------ Data to process ------
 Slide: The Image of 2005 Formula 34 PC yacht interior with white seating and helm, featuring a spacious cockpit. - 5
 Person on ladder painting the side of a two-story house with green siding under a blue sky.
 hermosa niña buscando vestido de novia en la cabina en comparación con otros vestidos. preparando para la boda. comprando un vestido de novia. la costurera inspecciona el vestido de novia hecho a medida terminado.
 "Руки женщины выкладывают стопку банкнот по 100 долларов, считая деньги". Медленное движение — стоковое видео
------
------ Data to process ------
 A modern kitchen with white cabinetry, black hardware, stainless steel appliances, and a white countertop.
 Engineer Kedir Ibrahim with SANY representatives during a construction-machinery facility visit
------
_What the task asks_
Everything from the line with "Slide: The Image" through the line with "Person on ladder" in the listing above must be retyped exactly, with nothing added.

_Final answer_
 Slide: The Image of 2005 Formula 34 PC yacht interior with white seating and helm, featuring a spacious cockpit. - 5
 Person on ladder painting the side of a two-story house with green siding under a blue sky.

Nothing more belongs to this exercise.